Infection trends shifted dramatically when mask-wearing rules were implemented on 6th April in northern Italy and 17th April in New York City – at the time among the hardest hit areas of the world by the health crisis – the study found. 

“This protective measure alone significantly reduced the number of infections, that is, by over 78,000 in Italy from April 6 to May 9 and over 66,000 in New York City from April 17 to May 9,” researchers calculated.

When mask-wearing went into effect in New York, the daily new infection rate fell by about three per cent per day, researchers said. In the rest of the country, daily new infections continued to increase. 

Direct contact precautions – social distancing, quarantine and isolation, and hand sanitising – were all in place before mask-wearing rules went into effect in Italy and New York City.
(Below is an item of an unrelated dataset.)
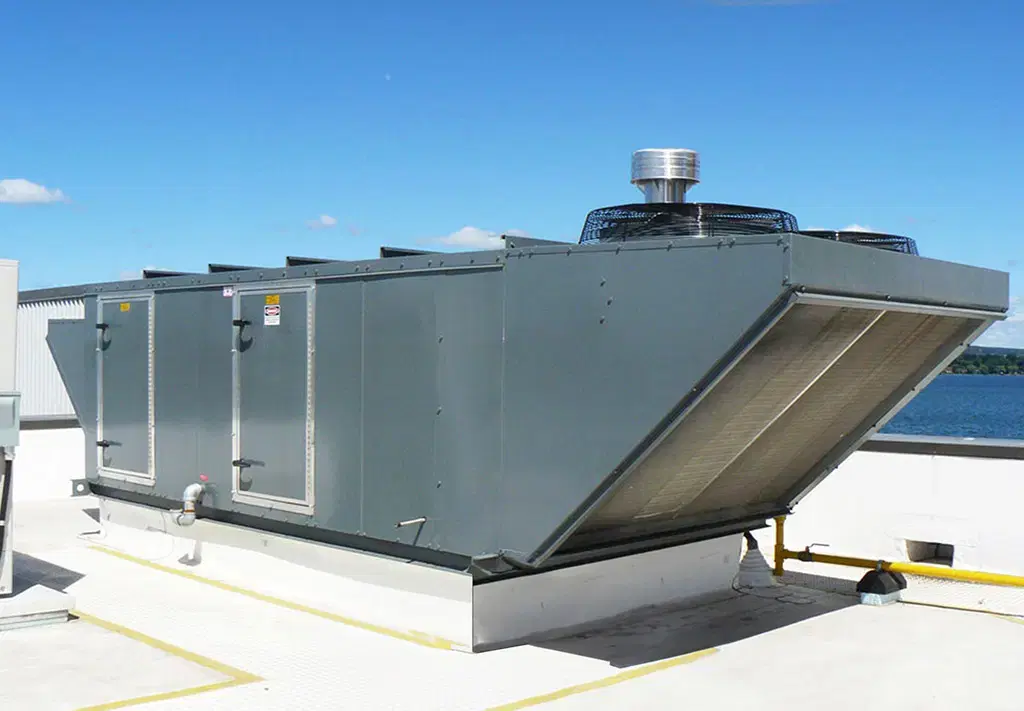 Make Up Air Units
But they only help minimise virus transmission by direct contact, while face covering helps prevent airborne transmission, the researchers say. 

“The unique function of face covering to block atomization and inhalation of virus-bearing aerosols accounts for the significantly reduced infections,” they said. That would indicate “that airborne transmission of COVID-19 represents the dominant route for infection.”

The US Center for Disease Control and Prevention on Friday urged organisers of large gatherings that involve “shouting, chanting or singing to strongly encourage the use of cloth face coverings to lower the risk of spreading the coronavirus.”